I bought it in petco but I’ve seen it elsewhere. It’s just chicken. One brand I’ve bought is PureBites.


----------



## Click-N-Treat (Nov 9, 2015)

Heads up that something called Choppers are dehydrated beef lung. Hit the bigger and harder pieces with a mallet, and they work well. Chopppers are Noelle's high value treat. A squirrel could be standing on Noelle's back playing a trumpet while doing the hula and Noelle would not notice. Beware, you must hide the Choppers bag from cats because they will rip it open and eat the whole thing overnight. Choppers - Natural Dog Chew | Redbarn Choppers


----------



## Skylar (Jul 29, 2016)

Click-N-Treat said:


> Heads up that something called Choppers are dehydrated beef lung. Hit the bigger and harder pieces with a mallet, and they work well. Chopppers are Noelle's high value treat. A squirrel could be standing on Noelle's back playing a trumpet while doing the hula and Noelle would not notice. Beware, you must hide the Choppers bag from cats because they will rip it open and eat the whole thing overnight. Choppers - Natural Dog Chew | Redbarn Choppers


Of course your cat would deny this and blame it on the dogs.


----------



## Click-N-Treat (Nov 9, 2015)

True, but my dogs can't climb high shelves, so I know it's the cats doing this. I've even had cats rip open the Choppers before I get it unpacked from the store bag. Naughty kitties.


----------



## lily cd re (Jul 23, 2012)

Skylar said:


> I bought it in petco but I’ve seen it elsewhere. It’s just chicken. One brand I’ve bought is PureBites.
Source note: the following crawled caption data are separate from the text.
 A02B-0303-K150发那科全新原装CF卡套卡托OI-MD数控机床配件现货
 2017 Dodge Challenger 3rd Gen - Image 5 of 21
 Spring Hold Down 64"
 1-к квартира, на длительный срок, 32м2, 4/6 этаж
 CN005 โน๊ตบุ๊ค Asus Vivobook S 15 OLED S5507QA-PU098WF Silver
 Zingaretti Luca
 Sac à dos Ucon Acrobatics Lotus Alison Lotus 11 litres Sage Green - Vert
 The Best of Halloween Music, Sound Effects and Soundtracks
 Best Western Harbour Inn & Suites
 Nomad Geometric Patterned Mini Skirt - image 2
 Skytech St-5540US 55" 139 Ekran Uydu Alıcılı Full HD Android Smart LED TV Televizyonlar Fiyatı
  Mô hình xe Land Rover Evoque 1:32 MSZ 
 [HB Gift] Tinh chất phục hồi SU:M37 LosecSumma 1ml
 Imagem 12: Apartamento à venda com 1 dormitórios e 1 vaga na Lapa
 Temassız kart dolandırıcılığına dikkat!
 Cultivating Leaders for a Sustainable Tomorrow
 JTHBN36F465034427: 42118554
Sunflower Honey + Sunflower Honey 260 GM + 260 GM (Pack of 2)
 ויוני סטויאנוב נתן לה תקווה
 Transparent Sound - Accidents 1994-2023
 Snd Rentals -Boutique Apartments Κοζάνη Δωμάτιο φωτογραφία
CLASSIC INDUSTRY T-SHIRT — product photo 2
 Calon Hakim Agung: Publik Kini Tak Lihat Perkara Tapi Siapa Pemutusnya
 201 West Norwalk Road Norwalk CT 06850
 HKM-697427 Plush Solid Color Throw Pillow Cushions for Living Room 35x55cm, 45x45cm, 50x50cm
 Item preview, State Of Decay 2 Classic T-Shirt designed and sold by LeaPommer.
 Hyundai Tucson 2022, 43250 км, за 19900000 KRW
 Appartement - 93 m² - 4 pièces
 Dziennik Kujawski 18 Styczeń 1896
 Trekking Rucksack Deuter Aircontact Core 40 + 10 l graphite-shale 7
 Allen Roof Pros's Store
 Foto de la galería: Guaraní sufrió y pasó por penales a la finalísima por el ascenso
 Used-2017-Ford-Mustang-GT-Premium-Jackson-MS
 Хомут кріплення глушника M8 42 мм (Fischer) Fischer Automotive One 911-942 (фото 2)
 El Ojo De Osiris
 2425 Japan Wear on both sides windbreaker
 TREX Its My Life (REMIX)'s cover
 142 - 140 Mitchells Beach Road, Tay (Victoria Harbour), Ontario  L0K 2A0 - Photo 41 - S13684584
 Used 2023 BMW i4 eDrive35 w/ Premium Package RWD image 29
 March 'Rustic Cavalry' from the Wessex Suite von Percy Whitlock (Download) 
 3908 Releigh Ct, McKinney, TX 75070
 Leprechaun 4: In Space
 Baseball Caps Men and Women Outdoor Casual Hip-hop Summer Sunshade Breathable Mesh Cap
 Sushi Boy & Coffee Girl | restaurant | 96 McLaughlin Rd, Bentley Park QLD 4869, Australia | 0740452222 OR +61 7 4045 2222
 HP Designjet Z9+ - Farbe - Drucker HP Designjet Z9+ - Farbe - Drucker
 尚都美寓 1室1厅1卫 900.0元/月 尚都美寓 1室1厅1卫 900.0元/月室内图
I use PureBites chicken jerky too. I actually have it on a subscription order through Chewy. For the jerky the pieces tend to be big so what BF usually does is smash the bag before opening it to break the pieces up.


----------



## Mfmst (Jun 18, 2014)

I swear by Boulder Dog treats and chews, also dehydrated cod skin from Polka Dot. I crumble everything so sometimes Buck gets dust. I put on a cotton fishing vest so I have a designated pocket for treats, poo bags, leash etc. I didn’t want to accidentally wash jeans that had dog treats and needed more stuff than could fit in a fanny pack.


----------



## david1438 (Feb 14, 2018)

Skylar said:


> When my dog ate kibble, I used to use it as training treats.
> 
> I’ve also used Zukes minis, but I always cut them up into 4 sections as I felt they were a few too many calories to be used for training my minipoo.
> 
> I’ve been carrying around dehydrated chicken in my purse to have something on hand. It has a weird balsa wood like texture and I can break off pieces as needed. Very light weight since all moisture is removed.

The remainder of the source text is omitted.